L’ambition doit être locale, avec la mise en place de réserves naturelles. Elle doit également être nationale, on le voit en France avec la stratégie nationale biodiversité 2030. Elle doit surtout être mondiale : pour la première fois, il pourrait y avoir un trait international sur la protection des glaciers.

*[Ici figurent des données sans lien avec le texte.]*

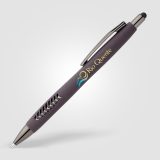 Vue 6 de Stylo Avalon en plastique recyclé avec finition pierre et stylet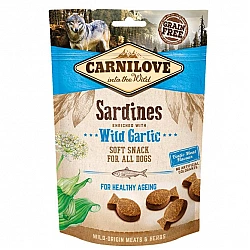 CARNILOVE Semi Moist Snack Sardines Enriched With Wild Garlic - Dog treat with sardines and garlic - 200 g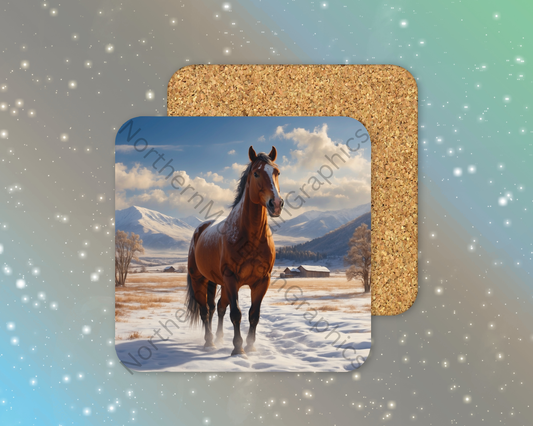 Winter Ranch Guardian Winter Square Coaster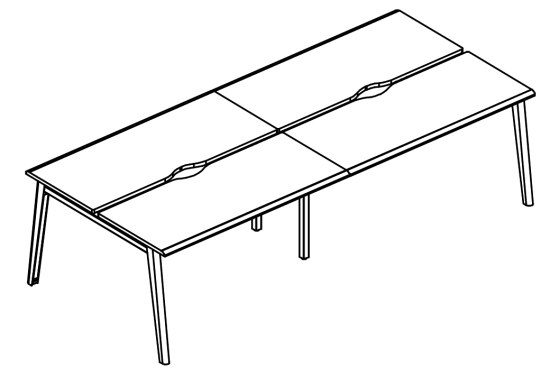 Рабочая станция с опорами МТ 1 скос (4х120) вяз либерти / белый, вставка белая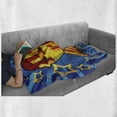 thumbnail image 5 of I Love My Aunt Soft Flannel Fleece Throw Blanket, Comic Style Vibrant Composition of Typography, Cozy Plush for Indoor and Outdoor Use, 50" x 70", Sky Blue Multicolor, by Ambesonne, 5 of 5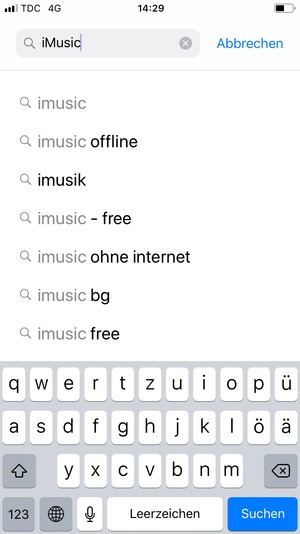 Geben Sie den Namen der App ein und wählen Sie Suchen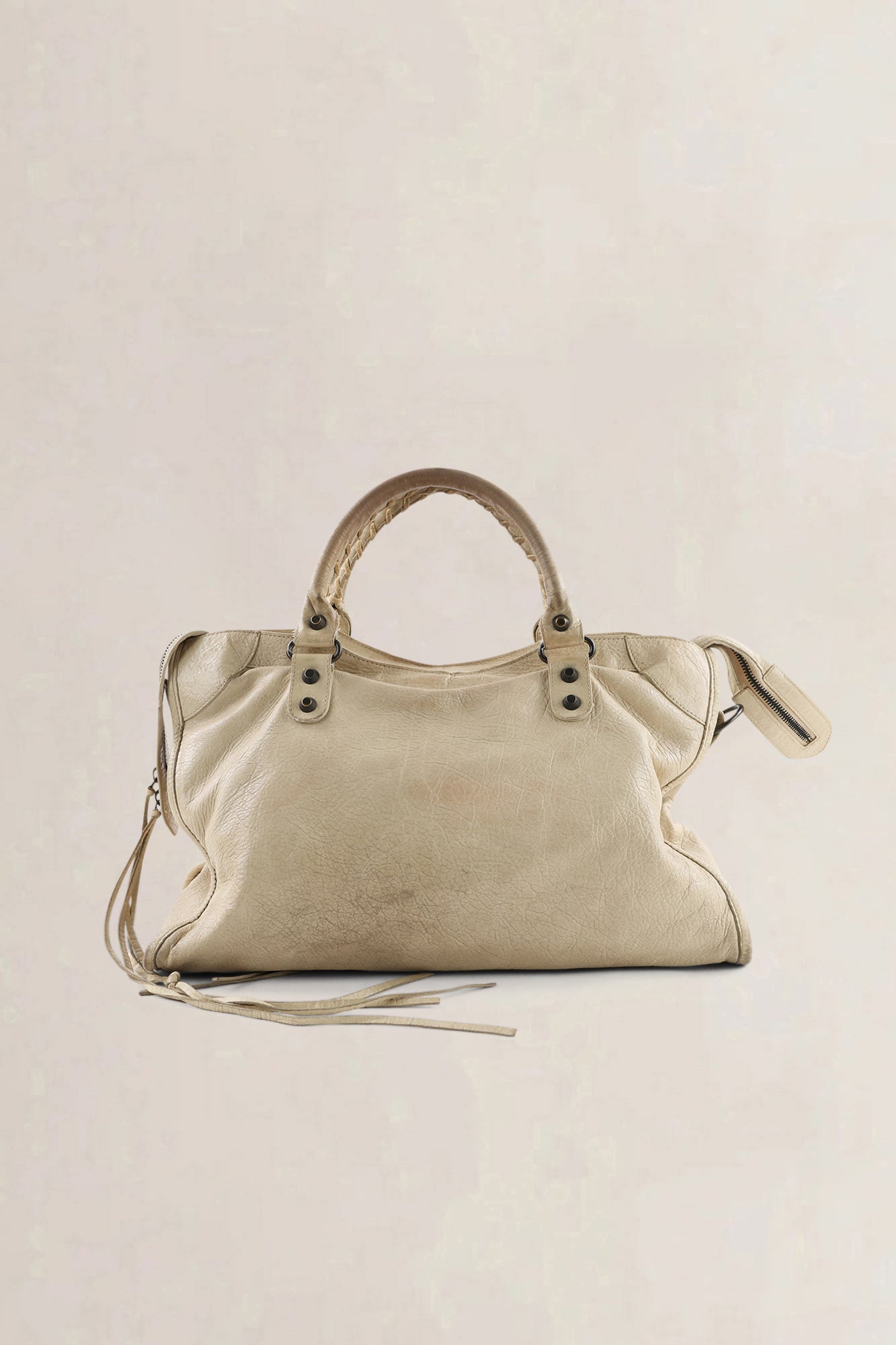Balenciaga Beige Arena Lambskin City Small Shoulder Bag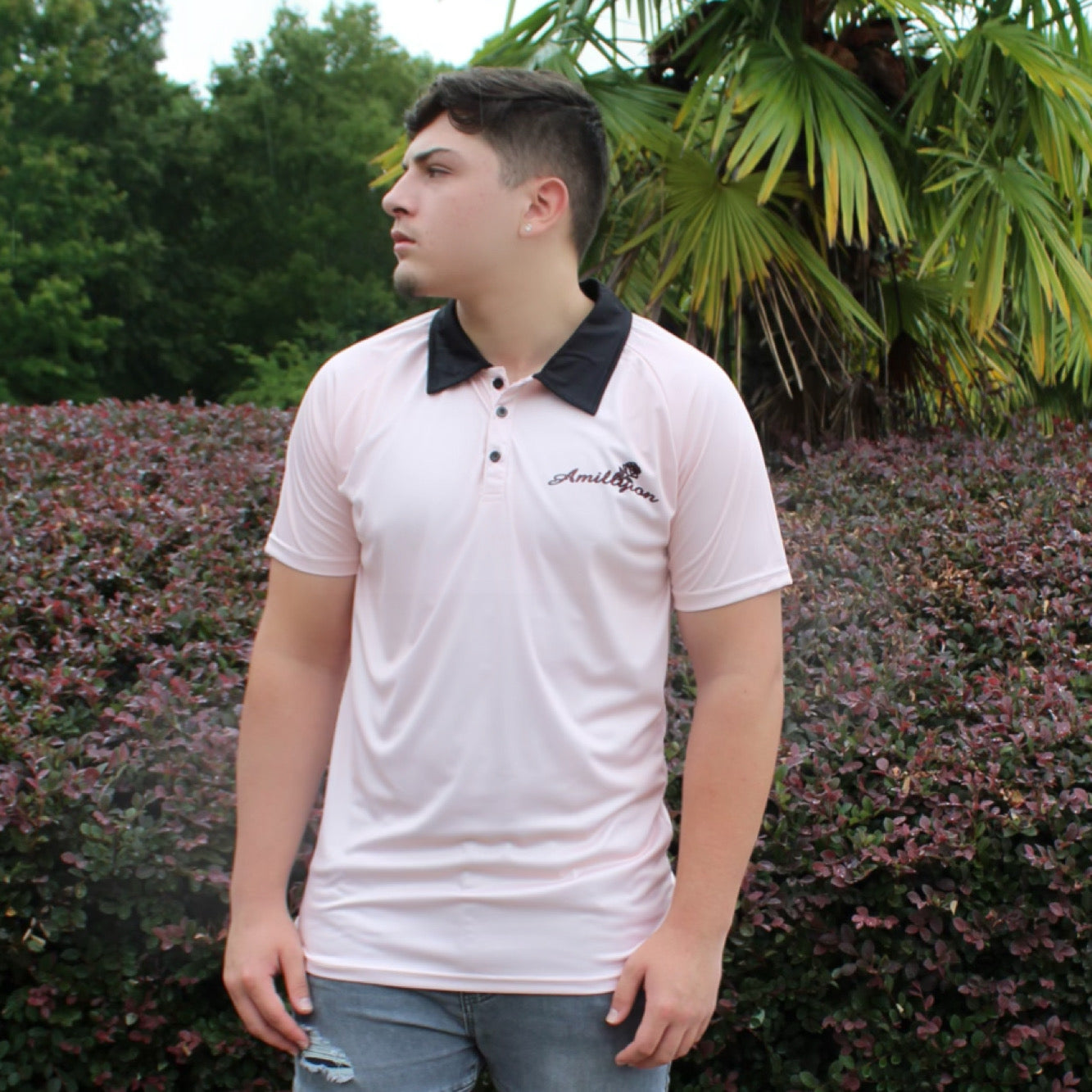 Polo Shirt (Light Pink/black)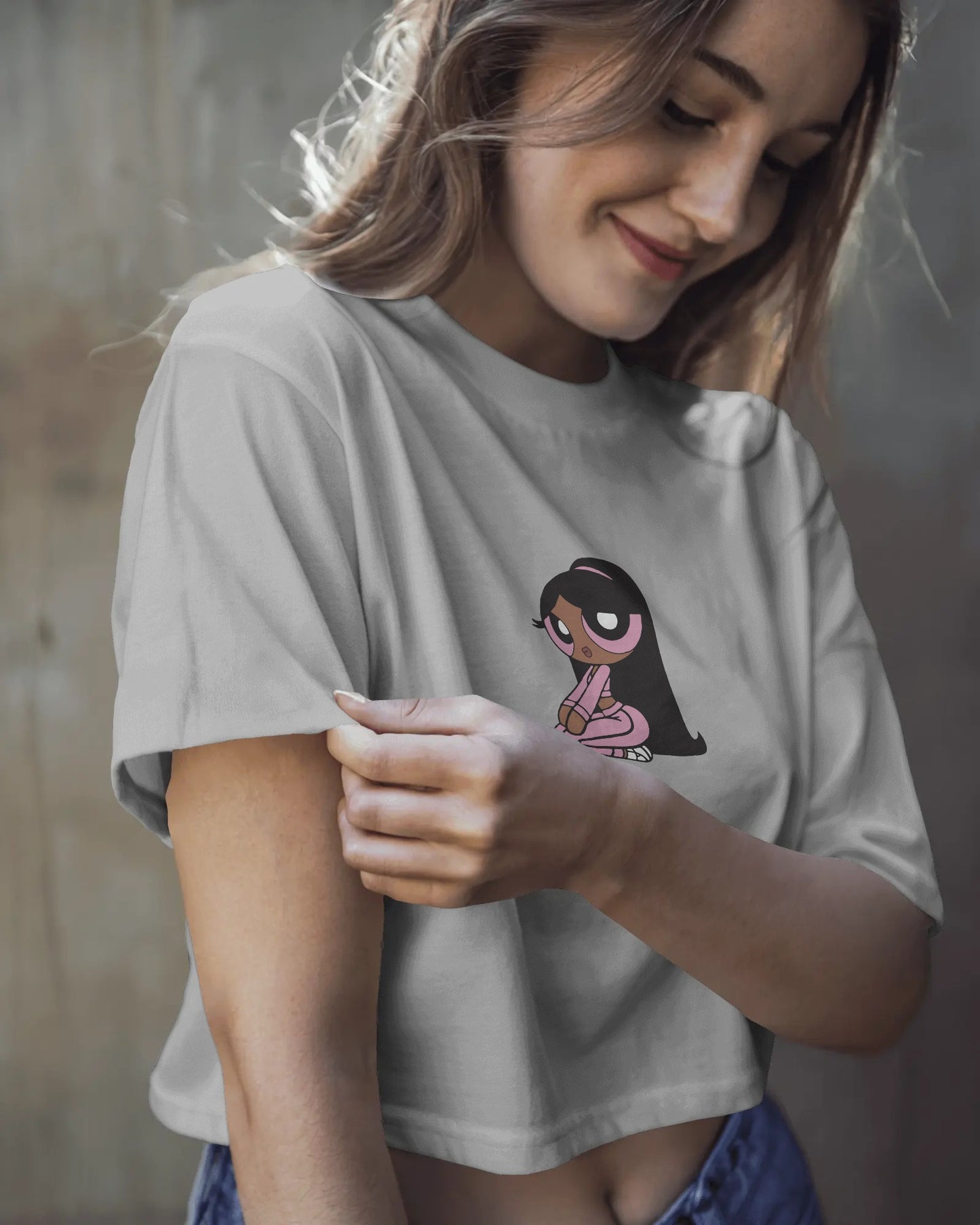 Baby Crop Top – Pink Power Puff Tee | Women’s Casual Streetwear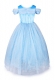 Girls Kids Blue Princess Cinderella Costume Cosplay Fancy Short Sleeve Butterflies Dress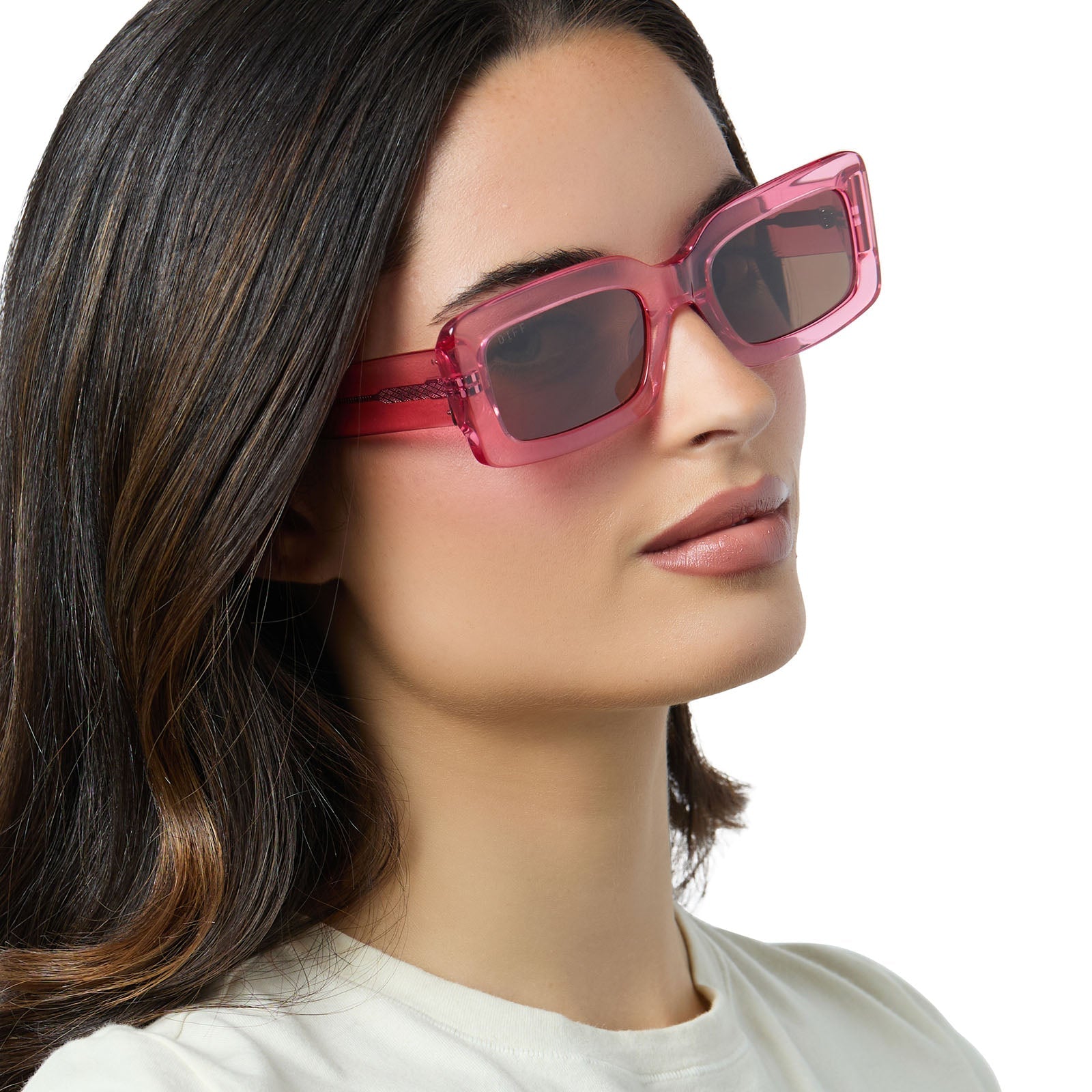 Womens | Indy Sunglasses | Candy Pink Crystal | Brown Lenses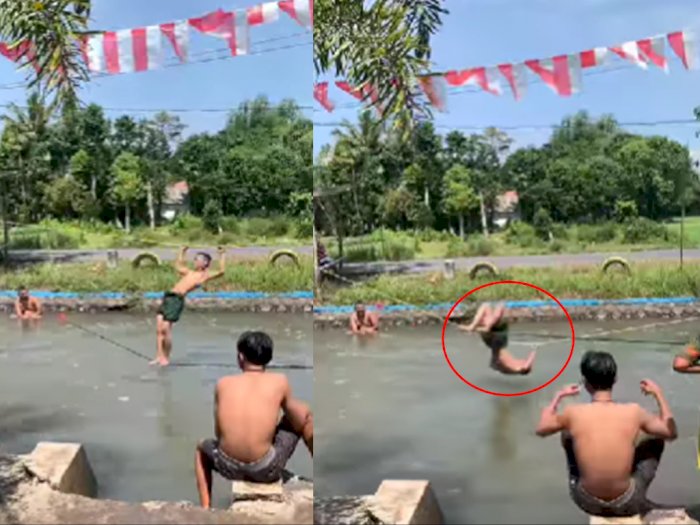 Aksi Kocak Remaja Ikut Lomba Seberang Sungai Pakai Tali, Endingnya Bikin Gigit Jari!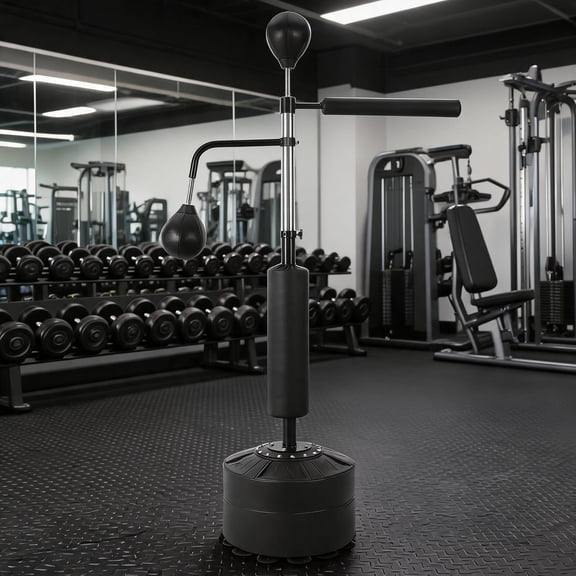 Freestanding Boxing Punching Bag Set – 360°  Spinning Bar. Dual Speed Bags & Heavy Duty Stand – Includes Gloves – Adjustable Height – Ideal for Adult & Teen Home Gym Boxing. Kickboxing & Speed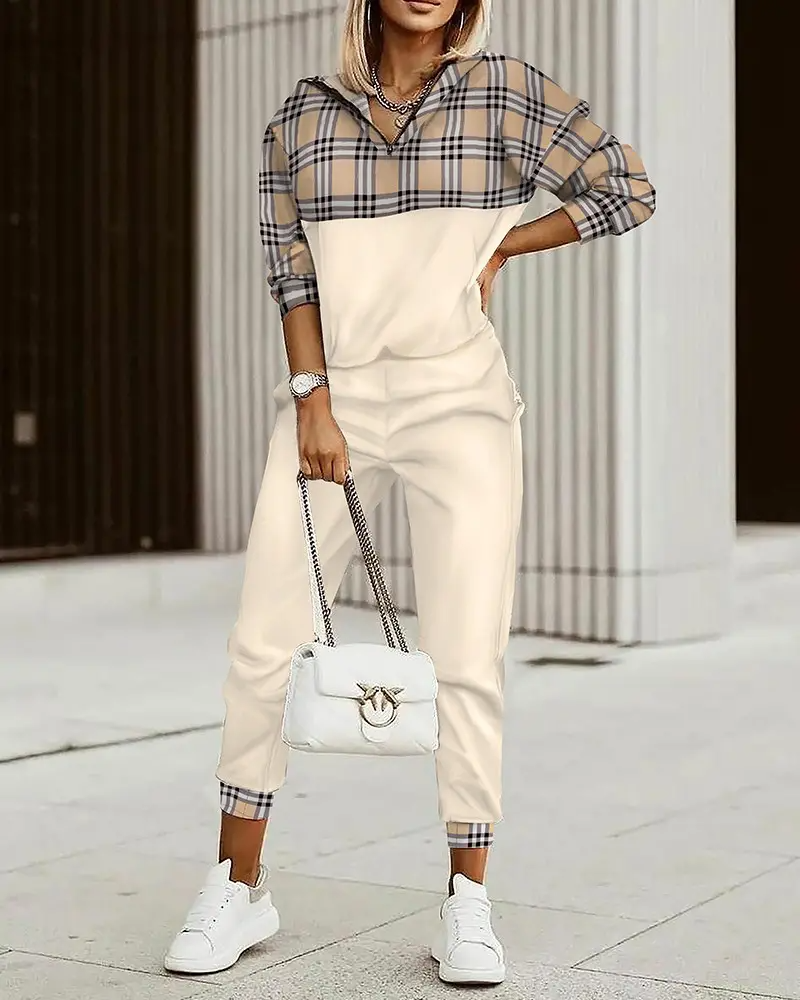 Geo Letter Print Long Sleeve Top & Pants Set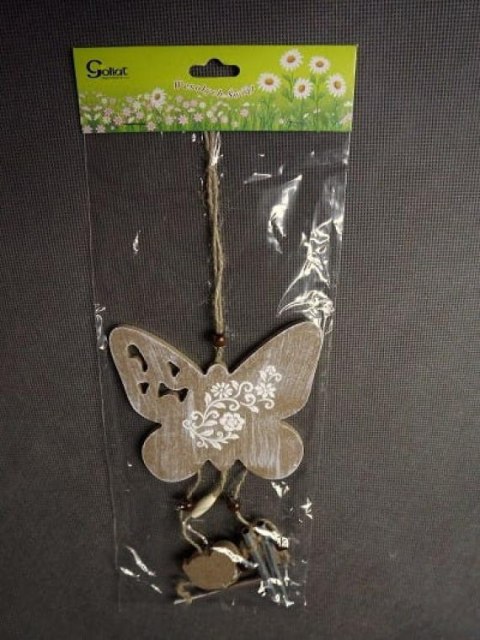 Drewniana Zawieszka w Kształcie Motyla z Wstążkami - Kolor Brązowy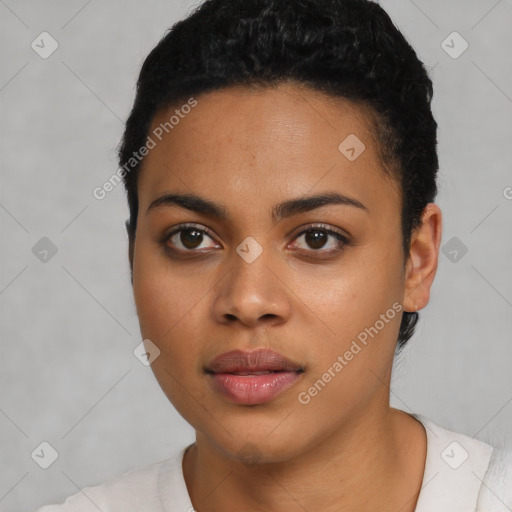 Neutral latino young-adult female with short  black hair and brown eyes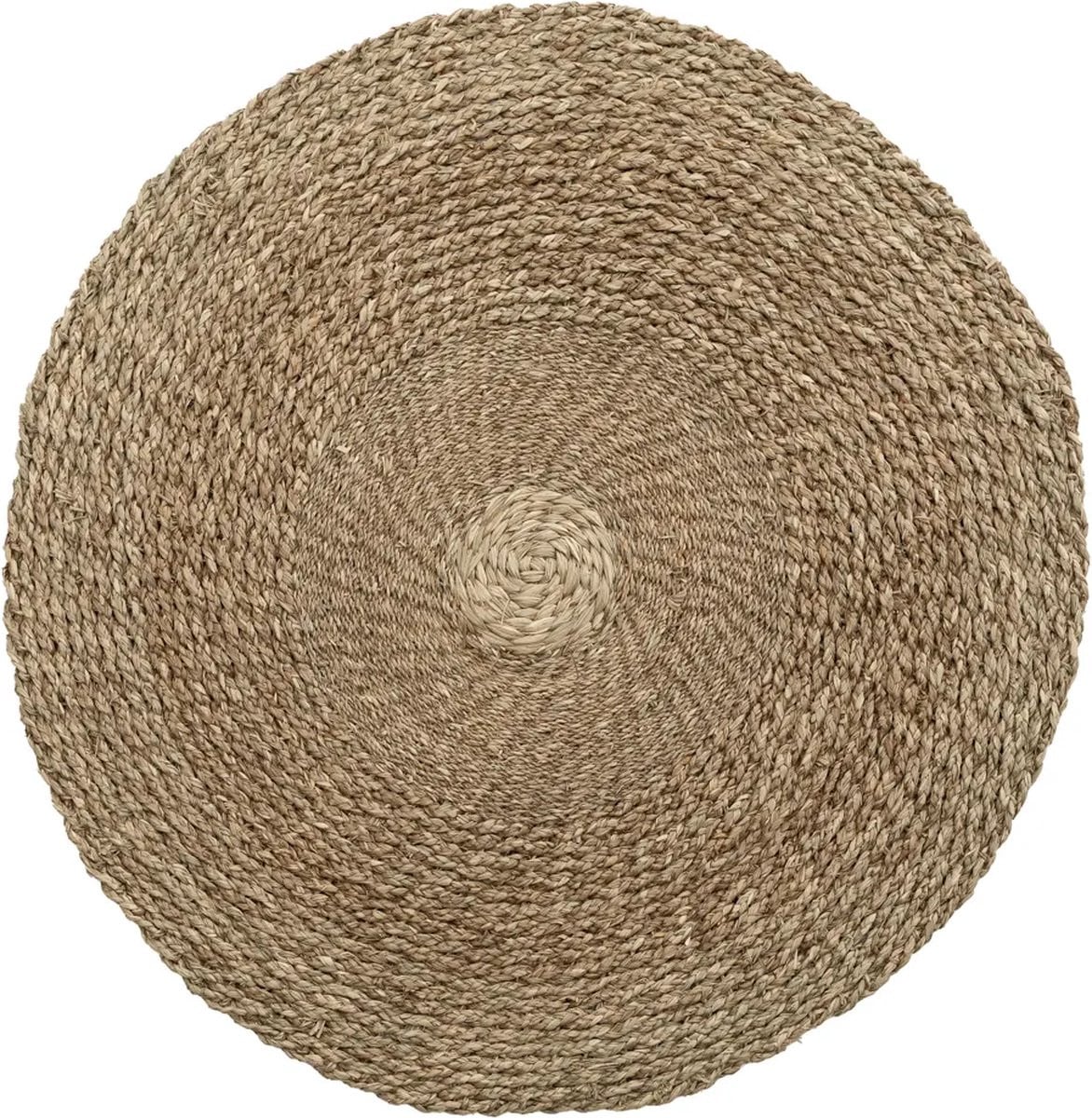 Safaary Bazar Bizar River Tapijt Naturel Rond van Zeegras en Raffia Ø 90cm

L’idée serait de le calquer sur les mécanismes du Traité sur l’Antarctique, conclu pendant la guerre froide : pas d’arme, pas de conflit et pas d’exploration minière et pétrolière. Un traité mondial sur les glaciers serait un immense pas en avant pour l’humanité. Je suis persuadé que cela pourrait intéresser beaucoup d’États, notamment des nations insulaires qui vont bientôt passer sous le niveau des mers… du fait de leur fonte.

Vous évoquez le problème de l’exploration minière et pétrolière…

Aujourd’hui, ces zones-là sont la proie d’intérêts de grandes compagnies. Elles détruisent certains glaciers dans le monde ou rachètent les zones où ils disparaissent pour pouvoir exploiter le minerai. Un État investi particulièrement dans ces activités, c’est le Kirghizistan, avec la mine de Kumtor. Là-bas, ils détruisent les glaciers à l’explosif pour étendre la mine, ce qui provoque de graves atteintes environnementales.

Ailleurs dans le monde, il existe également des mines illégales. Ce sont des zones où l’humain n’a pas encore trop sali, d’où l’impératif collectif d’en prendre soin. À noter qu’aujourd’hui en France, on détruit encore des bouts de glaciers à coups de pelleteuses… pour l’industrie du ski.